● **Data to use**
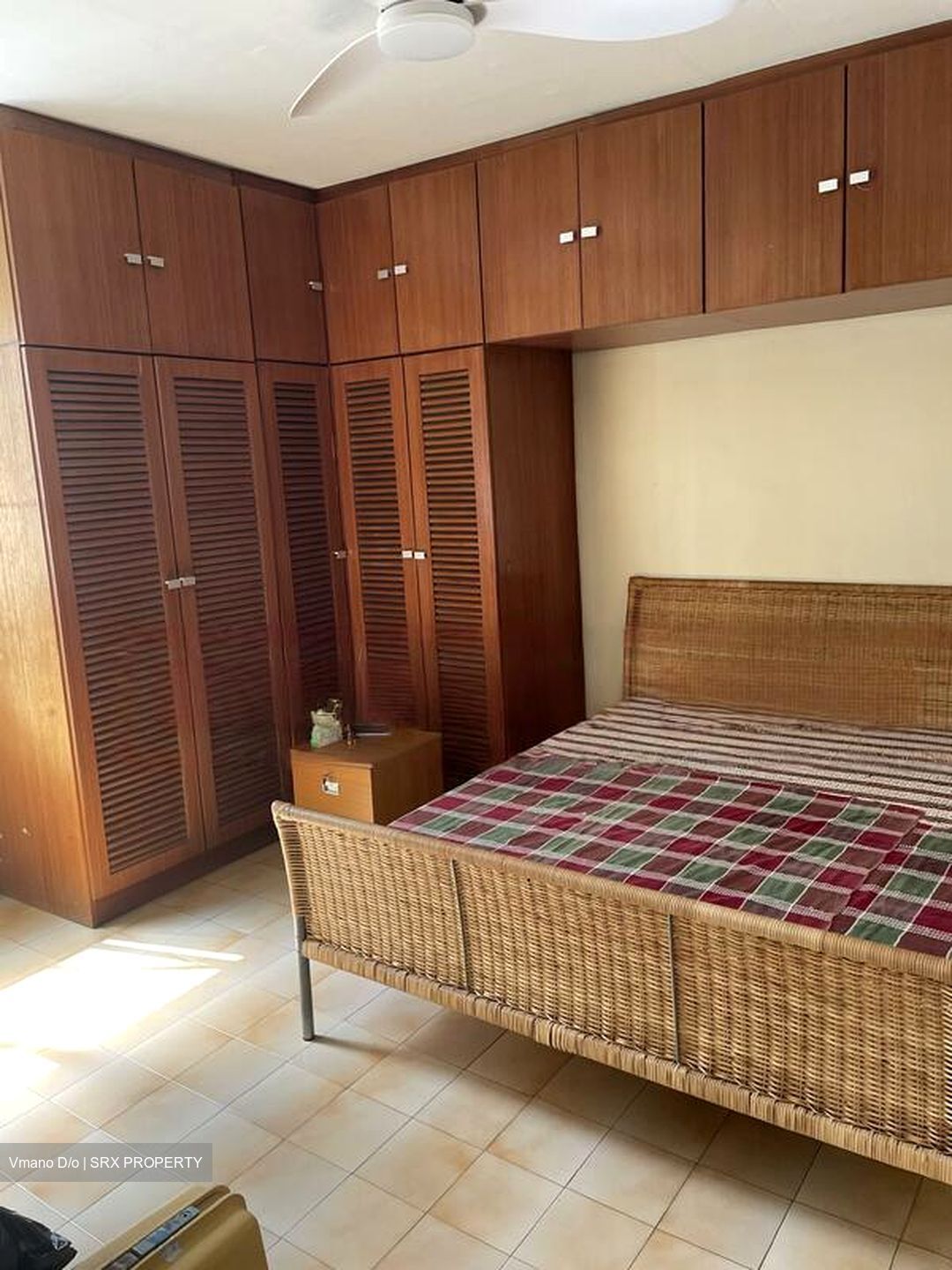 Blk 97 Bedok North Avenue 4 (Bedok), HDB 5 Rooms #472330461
==
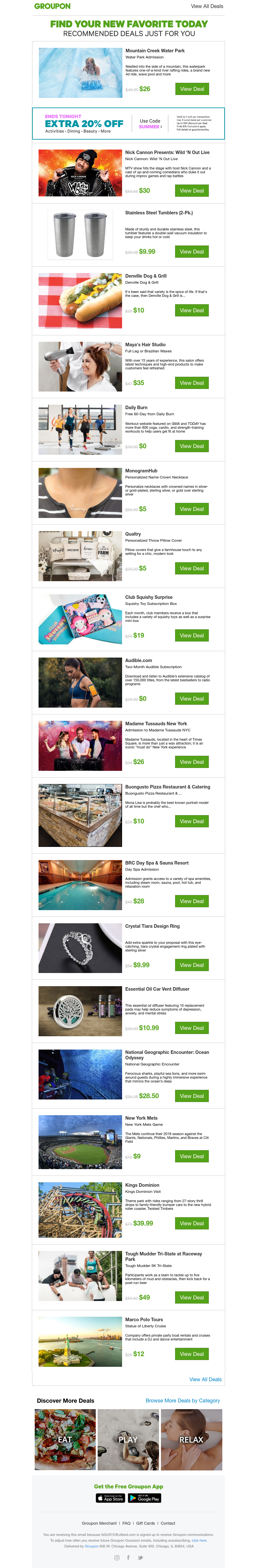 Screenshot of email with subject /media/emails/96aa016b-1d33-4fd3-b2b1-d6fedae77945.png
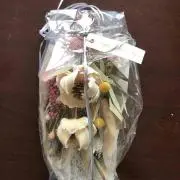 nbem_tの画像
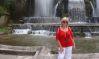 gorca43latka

● **The task**
Out of the records above, return only the lines from the one with "Screenshot of email" through the one with "gorca43latka", exactly, and none of the pictures.

● **Output for this task**
 Screenshot of email with subject /media/emails/96aa016b-1d33-4fd3-b2b1-d6fedae77945.png
 nbem_tの画像
 gorca43latka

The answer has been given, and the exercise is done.